Laurent Levillain : la magie de la céramique s'expose au Département
13 mars 2025 — Culture et Patrimoine
Jusqu’au 21 mars, l’Hôtel du Département accueille une belle exposition de l’association Céramique en Normandie. Quinze céramistes présentent leurs œuvres dans l’espace central du grand salon, parmi lesquels Laurent Levillain, un artiste d’Elbeuf, au travail saisissant.

Dans le vaste hall habillé de velours noir, trois Lunes et deux Bonhommes comme décrochés du ciel, lorgnent le visiteur d’un œil carnavalesque. Troublantes, démesurées, étincelant de tous leurs émaux dans la lumière des projecteurs, ces sculptures monumentales ne peuvent être que l’œuvre d’un magicien. Son nom : Laurent Levillain, dit Lo, céramiste d’Elbeuf au talent fou, dont l’atelier est aujourd’hui installé dans la manufacture des carrelages de Saint-Samson à Saint-Samson-la-Poterie (Oise).

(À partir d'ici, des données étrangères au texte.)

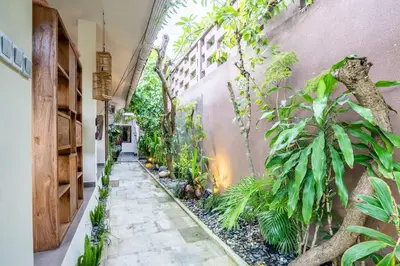 a garden corridor with plants and a building at Villa CC- Cosy 2bdrs villa - enclosed and open living area in Seminyak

Tout au long du mois de mars il expose à l’Hôtel du Département quelques-unes de ses créations au côté d’une quinzaine d’artistes normands, pour la majorité professionnels. Cinq pièces de grande taille, suspendues aux modules de scène côtoient des œuvres sur socle, dont ses « Nefs des fous », dernière série en date inspirée du peintre néerlandais Jérôme Bosch, évoquent le grand voyage de la vie.
Généreux et foisonnant, le travail de Laurent Levillain ne passe pas inaperçu, c’est le moins qu’on puisse dire, mais pour beaucoup de visiteurs, ce sera finalement une découverte. « Jusqu’à une période récente, j’ai peu montré ce que je faisais », reconnaît l’artiste au parcours hors-norme et qui n’a jamais voulu être exposé dans une galerie.
« Je n’étais pas préparé à devenir artiste »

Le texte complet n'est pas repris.